No α ≠ 0, but we are searching for α.
α= ?
 
AncientOne99 said:
No α ≠ 0, but we are searching for α.
α= ?

You are trying to find the angle that the force was applied. You need to do a vector diagram for force/momentum.

Note that the angle of the force is not necessarily the angle of the trajectory.
 
Please define all your variables.
AncientOne99 said:
v1=√(Range*g/(sin(2α))
According to that equation you are defining α as the angle the ball makes to the horizontal just after being kicked. That is the given angle of 30°. The unknown angle is that of the applied impulse.

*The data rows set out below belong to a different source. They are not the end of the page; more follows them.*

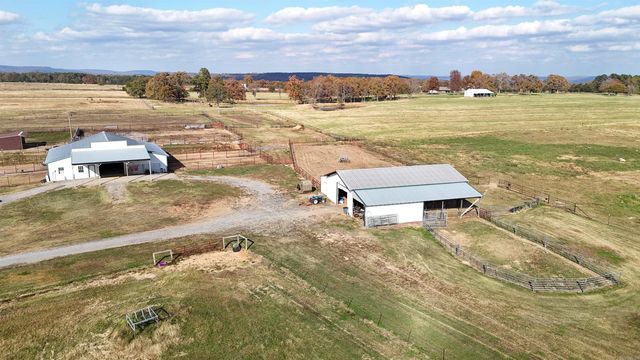 1768 Cutoff Road Road, Clinton, AR 72031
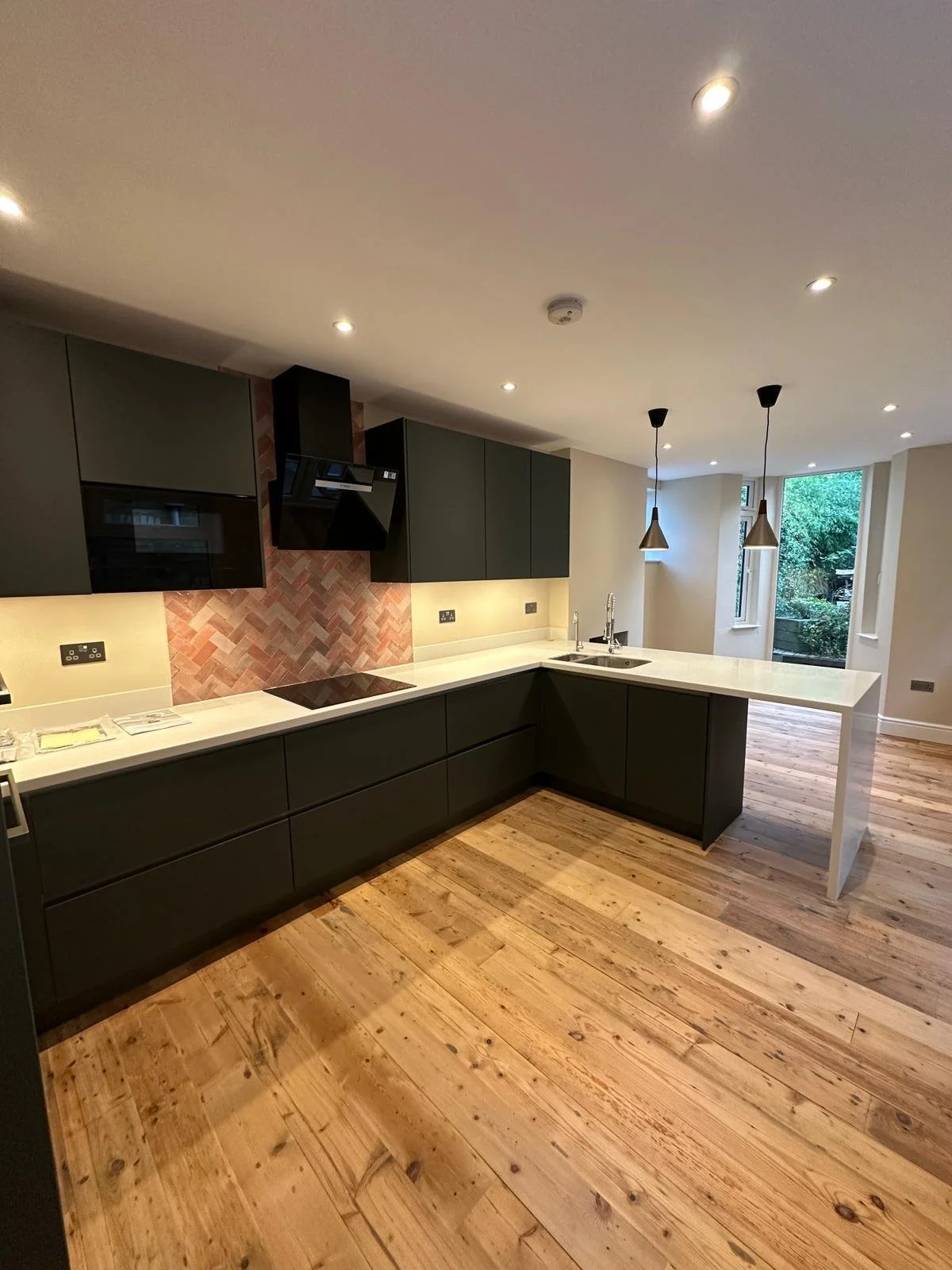 WhatsApp Image 2025-12-15 at 19.23.30 (9).jpeg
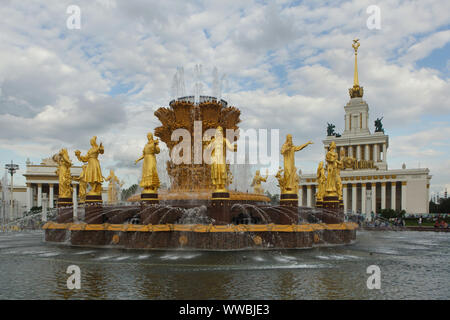 L'amitié des nations (l'Amitié des Peuples) Fontaine sur la place principale dans le centre d'expositions VDNH (exposition de réalisations de l'Économie nationale) à Moscou, Russie. La fontaine conçu par l'architecte soviétique Konstantin Topuridze décoré de statues de la doré 16 nations de l'Union soviétique par les sculpteurs soviétique Zinaida Bazehenova, Alexey Teneta, 152 Chaykov, Zoya Ryleyeva et autres a été construit en 1954. La fontaine est également connu comme la Gerbe d'or. Banque D'Images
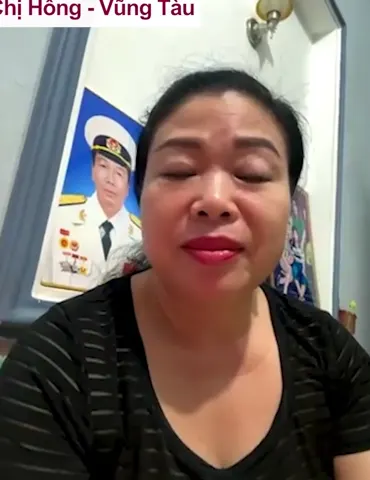 Khung hình từ buổi ghi hình chia sẻ của Chị Hồng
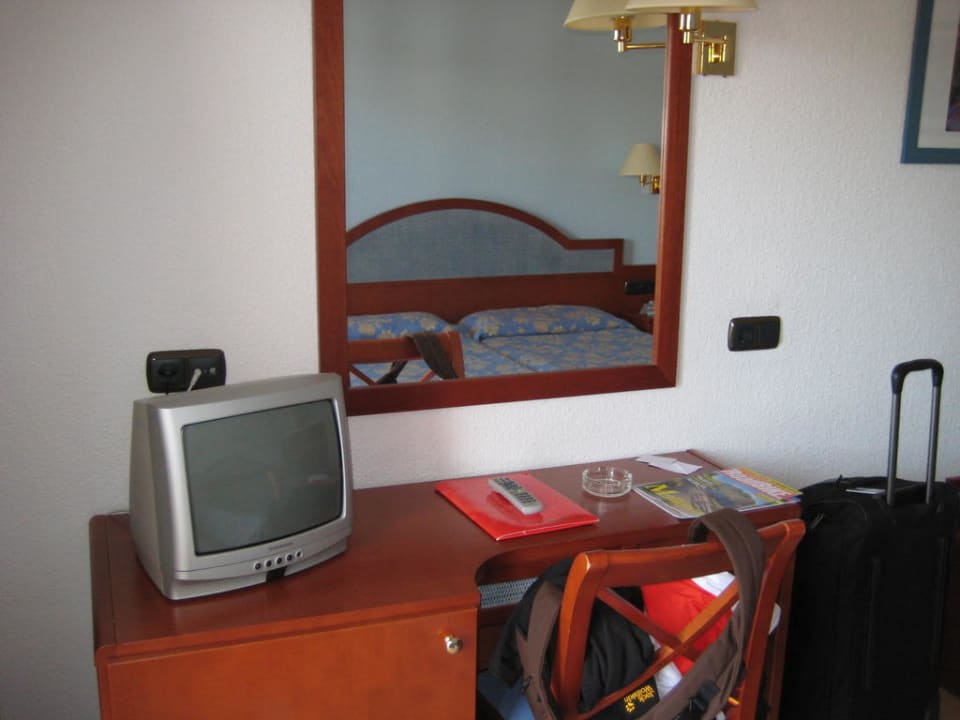 Schreibtisch mit TV Universal Hotel Lido Park & Spa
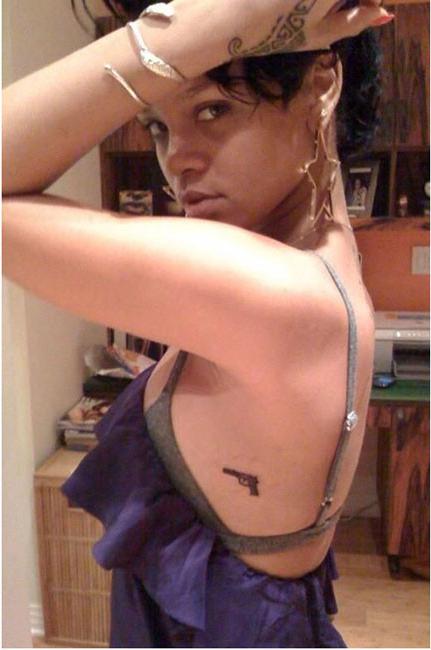 15P Rihanna nude pictures of her stunning ebony body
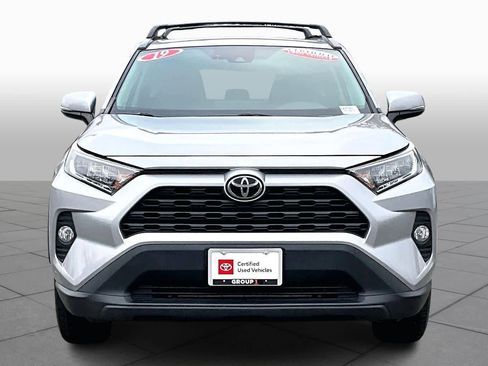 Used 2019 Toyota RAV4 XLE w/ Convenience Package image 3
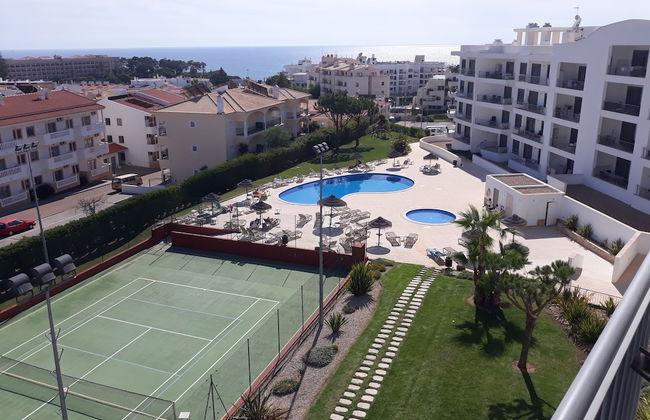 Remarkable 1-bed Apartment in Olhos de Água - Foto 1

The question does not give the flight angle of the ball before it is kicked. You will have to assume it is zero (say) or there is not enough information.
 
m = 0.1 kg
v0 = 10 m/s (x) direction
Refractive angle of ball = 30 ° (horizontal)
That's the angle of impact.
Range of ball = 20 m
time of impulse = 0.1 s

We are searching for:
1. Angle when the ball was kicked with respect to horizontal.
2. Average force of change in momentum.

Solution for problem:
Angle = 18 °
Average force = 24.2 N
 
I saw some trigonometric identity for this problem but i don't understand it geometrically, any idea?
240728
 
AncientOne99 said:
Refractive angle of ball = 30 ° (horizontal)
That's the angle of impact.
No it isn't. It is the angle at which the ball rises just after being kicked:
AncientOne99 said:
it bounces back at an angle of 30 degrees with respect to the horizontal floor
The angle at which the impulse was applied to the ball is to be found.

AncientOne99 said:
Angle when the ball was kicked with respect to horizontal.
It is unclear what that means. Angle of what when the ball was kicked?
 
With what average force and under what angle with respect to the horizontal floor did boy kick the ball if the collision took 0.1 second?
 
AncientOne99 said:
With what average force and under what angle with respect to the horizontal floor did boy kick the ball if the collision took 0.1 second?
Quite.
The ball is initially moving (horizontally at ground level, you will need to assume) at u=10m/s.
The boy's kick is an impulse of magnitude p at an angle to be determined (please say whether you want to call this α or β). The ball then rises at speed v and at an angle of θ=30 degrees to the horizontal and lands s=20m away.
From s and θ you can find v.

My recommendation is always to keep everything symbolic, only plugging in numbers at the end. There are numerous benefits.
 
Solution is incorrect for angle and force then
 
Yes, of course I am solving it analitically.
 
Ok, i will send you my thinking for this example.
 
Right, alfa is 30 degrees, i will just check if its right now
 
So we are searching horizontal angle of the FORCE
 
AncientOne99 said:
Right, alfa is 30 degrees, i will just check if its right now
This is very confusing. What are you meaning by alpha there? I asked you to decide whether to call the angle of the applied impulse alpha or beta. I used theta for the 30 degree angle the ball flies up at.
 
Ok, solved. Thank you very much for assistance. Mark